BRIEF:
Would you please repeat exactly the entries below, starting at the line with "kitchen featuring appliances" and ending at the line with "A set of gold-toned", and nothing outside that range? Leave out the pictures.

====== MATERIALS PROVIDED

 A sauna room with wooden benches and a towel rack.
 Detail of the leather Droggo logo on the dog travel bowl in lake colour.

============
====== MATERIALS PROVIDED

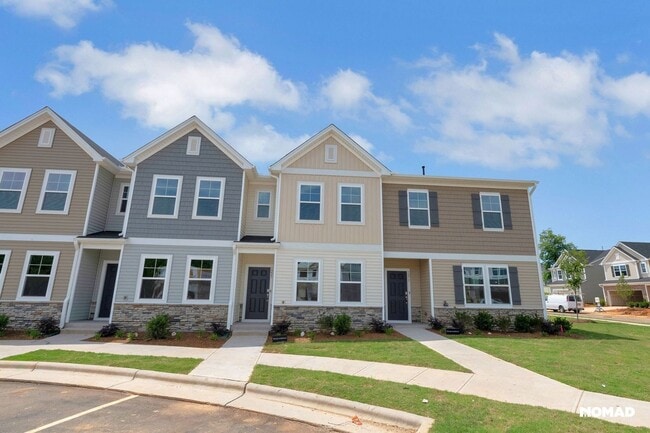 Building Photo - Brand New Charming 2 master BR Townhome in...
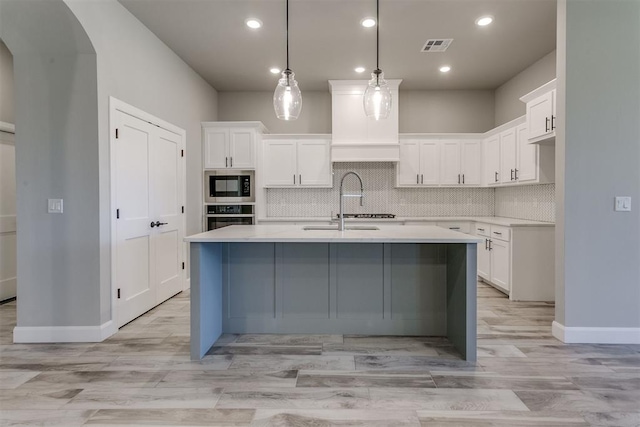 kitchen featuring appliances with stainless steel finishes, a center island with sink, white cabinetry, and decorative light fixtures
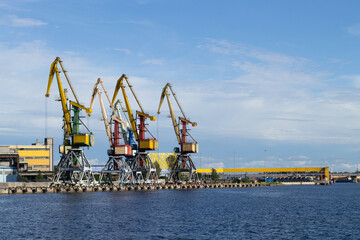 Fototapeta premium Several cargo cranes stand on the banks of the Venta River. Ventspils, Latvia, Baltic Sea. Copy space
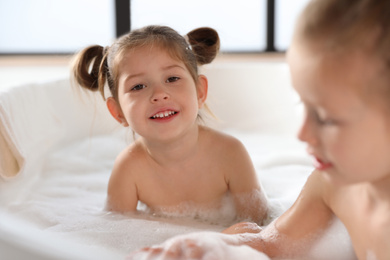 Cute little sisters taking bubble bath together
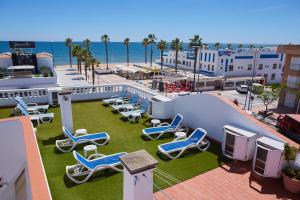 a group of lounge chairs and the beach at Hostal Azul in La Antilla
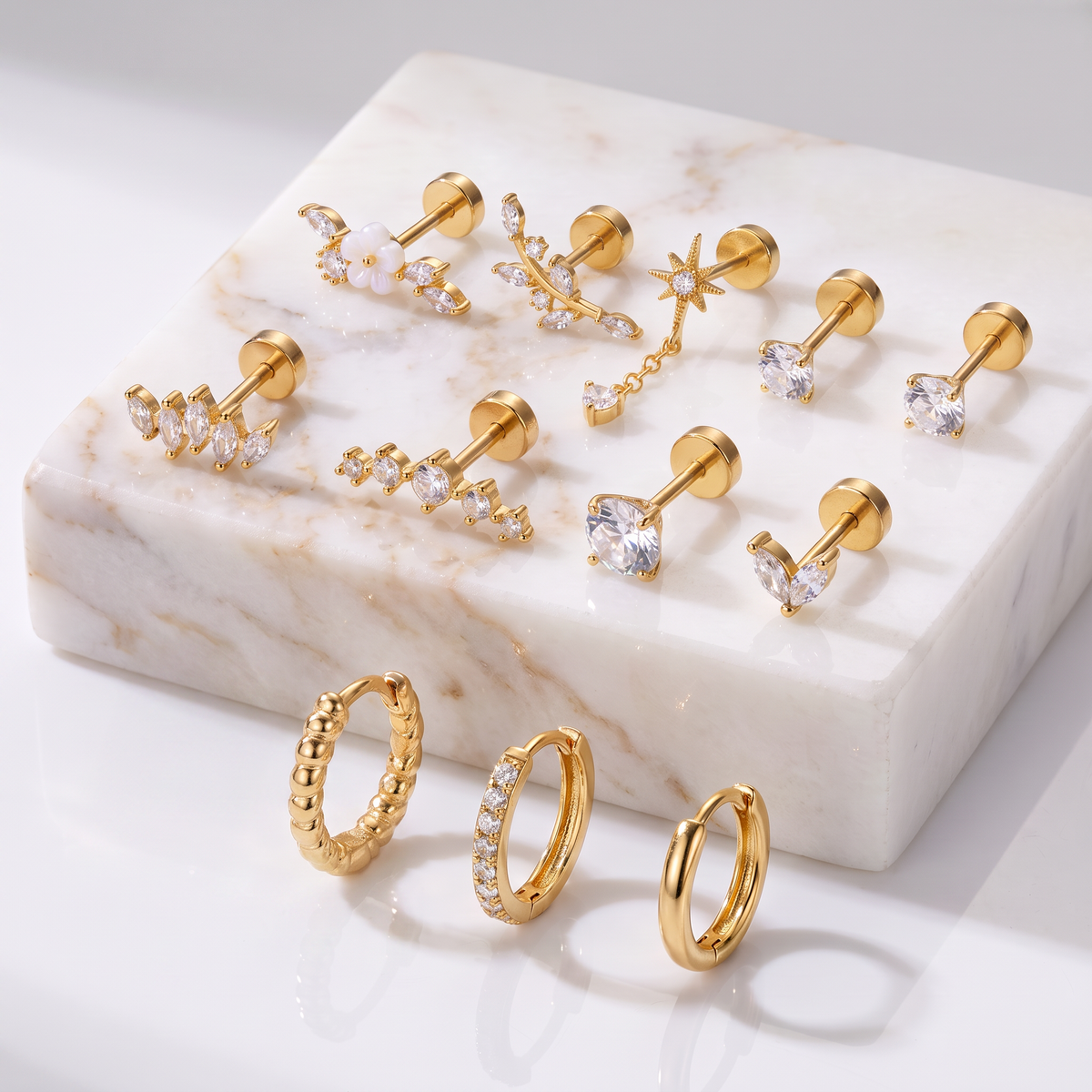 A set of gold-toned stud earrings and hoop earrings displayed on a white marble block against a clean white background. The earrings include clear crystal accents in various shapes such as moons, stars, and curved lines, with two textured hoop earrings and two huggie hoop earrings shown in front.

============

THE ANSWER:
 kitchen featuring appliances with stainless steel finishes, a center island with sink, white cabinetry, and decorative light fixtures
 Fototapeta premium Several cargo cranes stand on the banks of the Venta River. Ventspils, Latvia, Baltic Sea. Copy space
 Cute little sisters taking bubble bath together
 a group of lounge chairs and the beach at Hostal Azul in La Antilla
 A set of gold-toned stud earrings and hoop earrings displayed on a white marble block against a clean white background. The earrings include clear crystal accents in various shapes such as moons, stars, and curved lines, with two textured hoop earrings and two huggie hoop earrings shown in front.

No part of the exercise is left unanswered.